To show off some of the potential performance difference available, I ported the FishIE benchmark to WebGL. Along the way I discovered some different problems and ways to solve them.
The problem, once the overhead of Canvas 2D is removed, is that FishIE very quickly becomes texture read bound. I noticed that the FishIE sprites have a lot of horizontal padding. This padding was included in the drawImage calls which causes us to do a bunch of texture reads for transparent pixels. Trimming this down a little gave a noticeable framerate boost.
An even bigger cause of texture bandwidth waste is that the demo uses a large sprite to draw a small fish. Fortunately, OpenGL has a great solution to this problem: mipmaps. Mipmaps let the GPU use smaller textures when drawing smaller fish, which can dramatically reduce the texture bandwidth required. They also improve the quality of small fish by eliminating the aliasing that occurs when downscaling by large amounts.
Mipmapping is a good example of the flexibility that WebGL allows. Canvas 2D aims to be an easy to use API for drawing pictures, but this ease of use comes at some cost. First, the Canvas 2D implementation has to guess the intents of the author. For example drawImage on OS X does a high quality lanczos down scaling of the image. Direct2D just does a quick bilinear down scale. This makes it difficult for authors to know how fast drawImage will be. Further, because the design of Canvas 2D is inspired by an API for describing print jobs, it's not well suited to reusing data between paints.

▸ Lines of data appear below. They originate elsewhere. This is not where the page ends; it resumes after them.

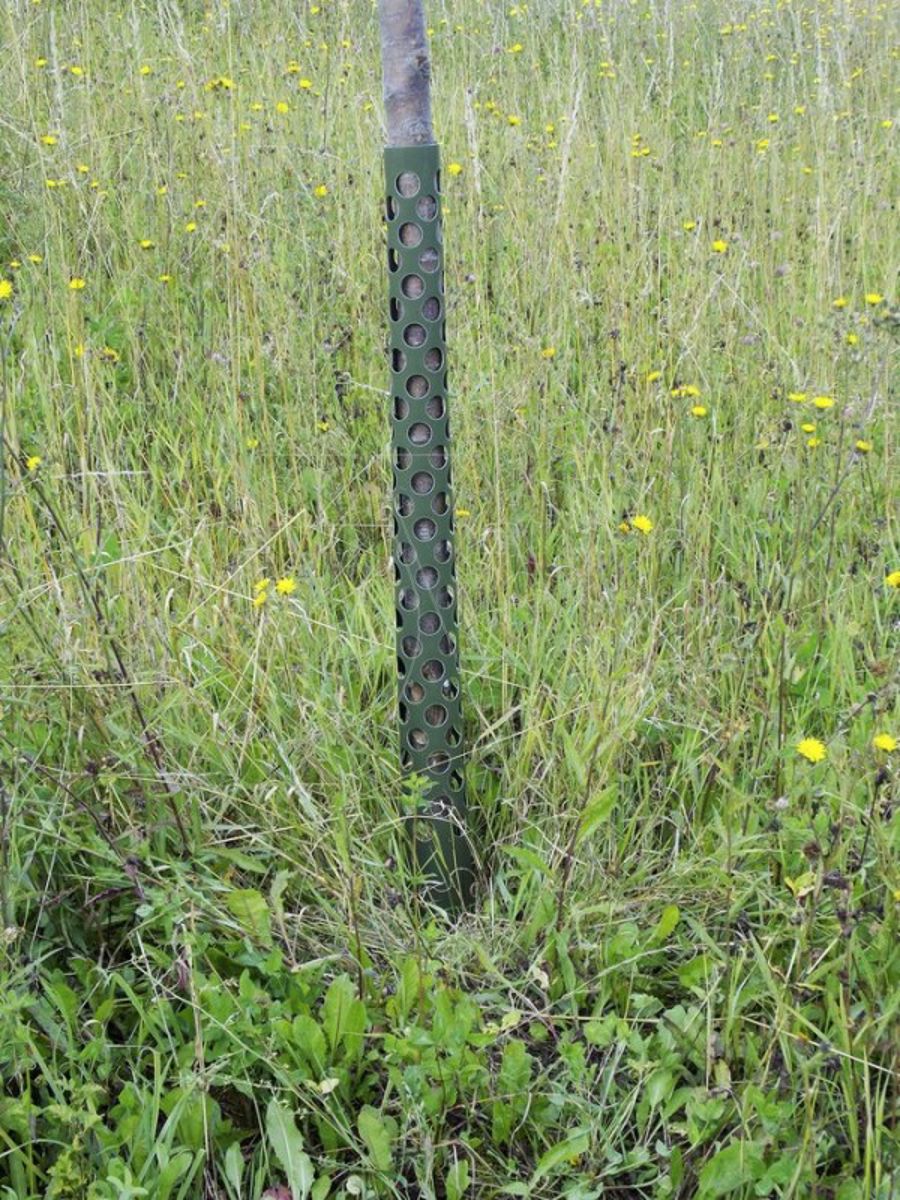 Protection des arbres PlantaGard anti-abroutissement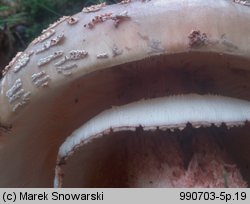 Amanita rubescens (muchomor czerwieniejący)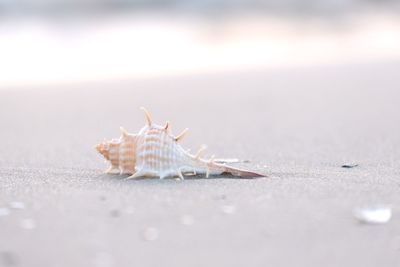 Close-up of shell on the beach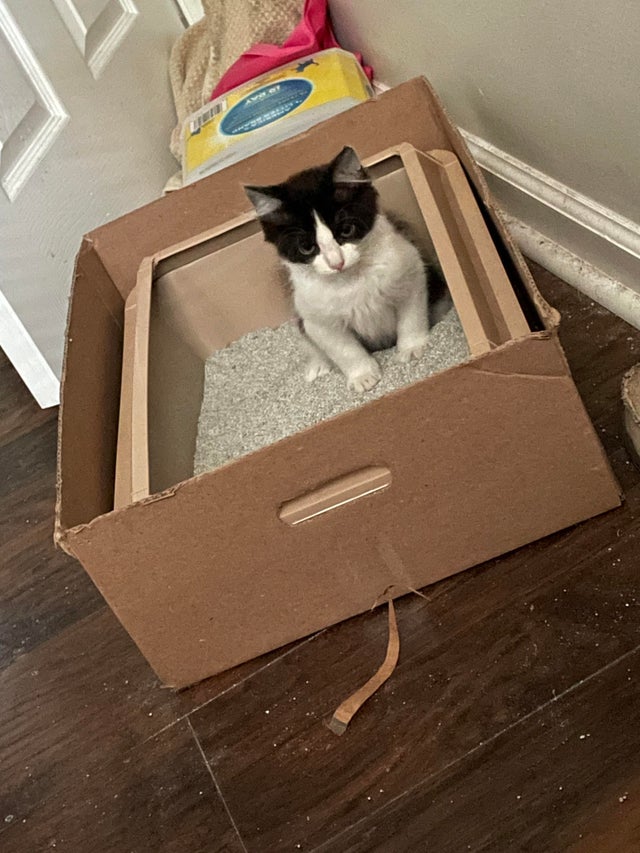PsBattle Kitten pooping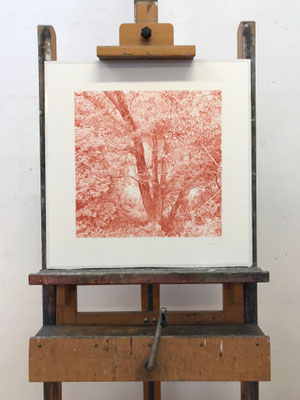 Venetian Red. Colour pencil on paper glued to aluminium dibond. 44 x 44 cm. Sold.Private collection.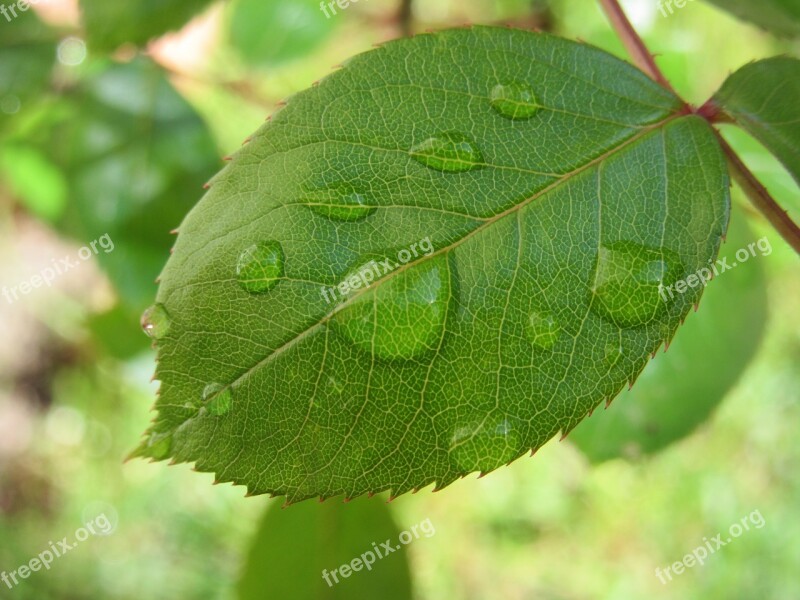 Leaf Drip Rose Rosenblatt Jagged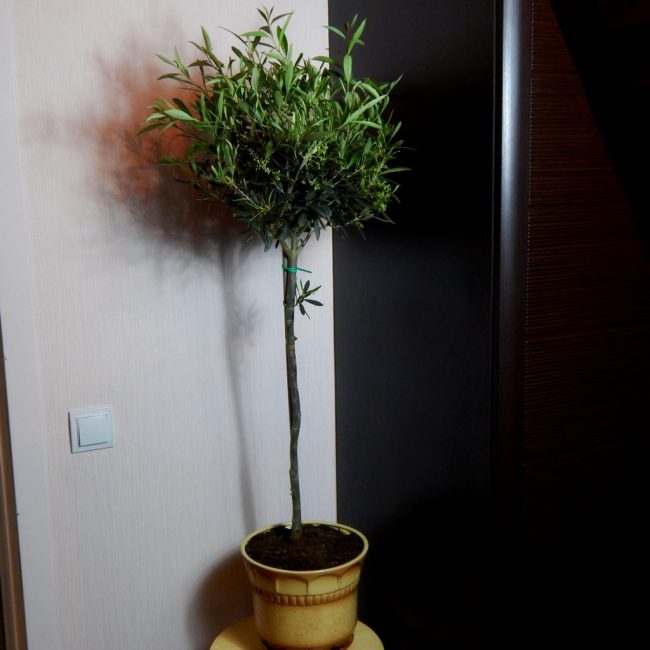 L'éclairage de l'arbre doit être suffisant, mais sans lumière directe du soleil sur celui-ci.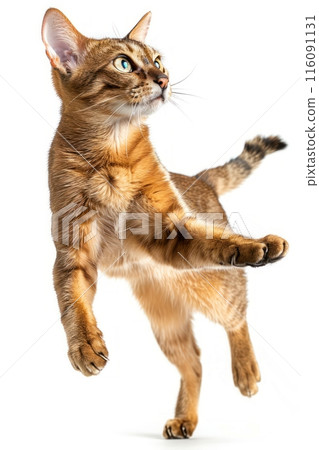 Abyssinian cat Jumping and remaining in mid-air, studio lighting, isolated on white background, stock photographic style 116091131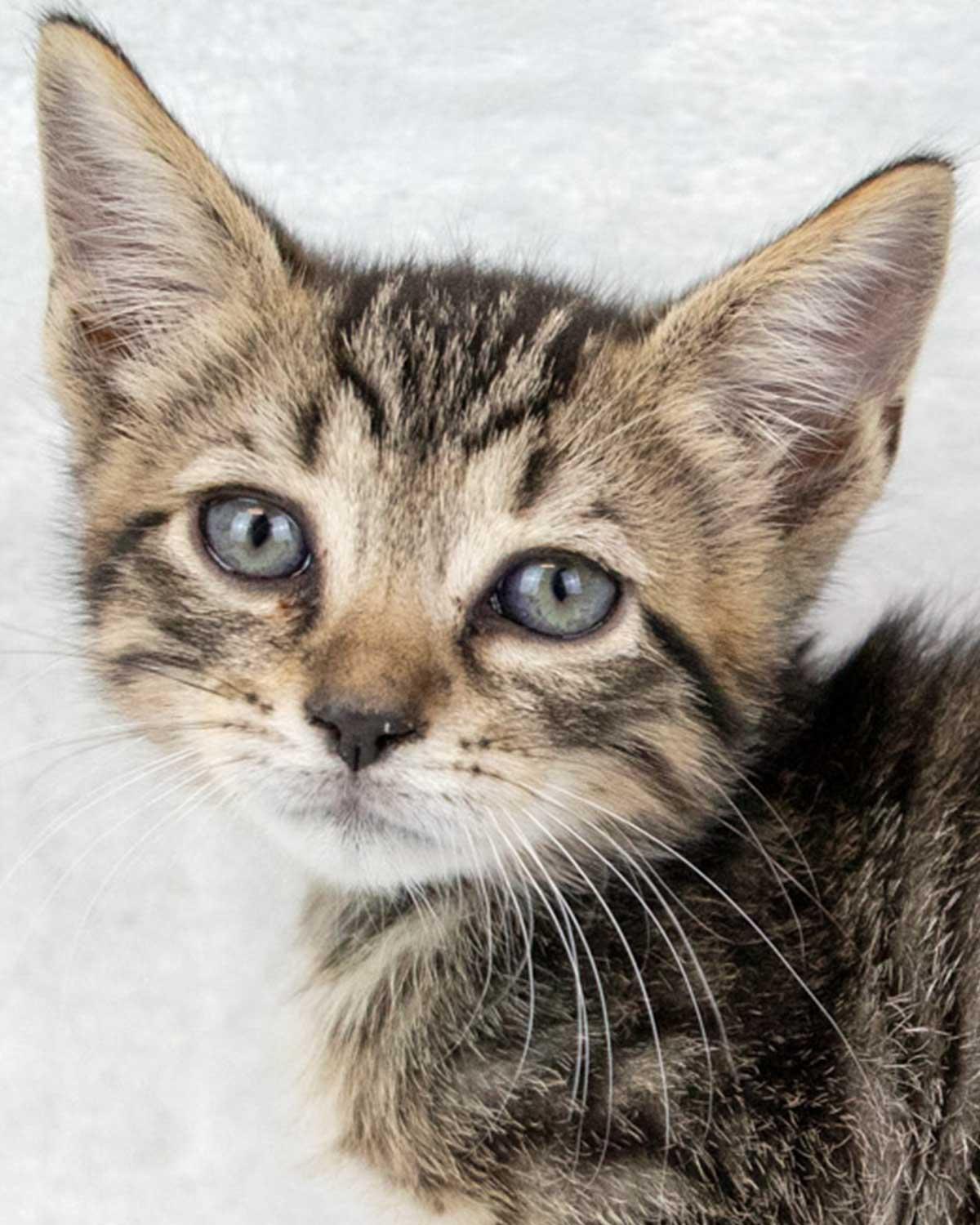 Splash, Baby Male Domestic Short Hair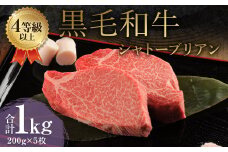 くまもと 黒毛和牛 シャトーブリアン 1.0kg（200g×5枚）牛肉 牛 肉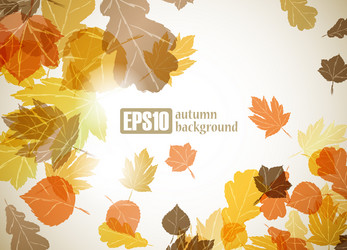 Similar image 6021046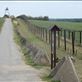 The biking tour follows the Iron Curtain. Up until the mid 1960's, 10,000 volts of electricity flowed through the fences. 390 people died between 1948 and 1989 on the Czechoslovakia side of the border trying to cross and 654 border guards died although only 10 died from conflicts from border violators. The others died from suicide, electrocution, drowning or accidents with guns. The Iron Curtain stretched 7,250 km from the Baltic Sea to the Adriatic Sea and this section of the Iron Curtain in Clzov is the only preserved section in the Czech Republic.  Views[371]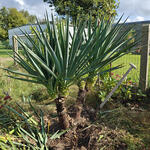 Yucca gloriosa - YUCCA SUPERBE - Yucca gloriosa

Try out the difference with these two modified versions of FishIE: The method I used to port FishIE to WebGL is pretty straight forward so I expect that any of the other benchmarks listed above could also be easily ported to WebGL.
Pushing the limits
Once the number of fish becomes high enough we run into Javascript performance problems. FishIE has some Javascript problems that make things worse than they need to be. First, it loops over the fish with "for (var fishie in fish) {". This can end up using 10% of the total CPU time. The problem with this code is that converts all of the array indices to strings and then uses those strings to index into the array. It also has the problem that any additional properties added to the array will also show up as index values, which is likely not the intent of the author.Second, each fish object includes a swim() method. Unfortunately, in the FishIE source swim() is a closure inside the Fish() object. This means that the swim() method is different for each Fish which makes things worse for Javascript engines.
Fixing both of these problems, and making the fish really small lets us get an idea of how many sprites we can actually push around. Here's a final version. If I disable the method jit (bug 637878) and run at an even window size (bug 637894) I can do 60000 fish at 30fps, which I think is pretty impressive compared to the 1000 that the original Microsoft demo does.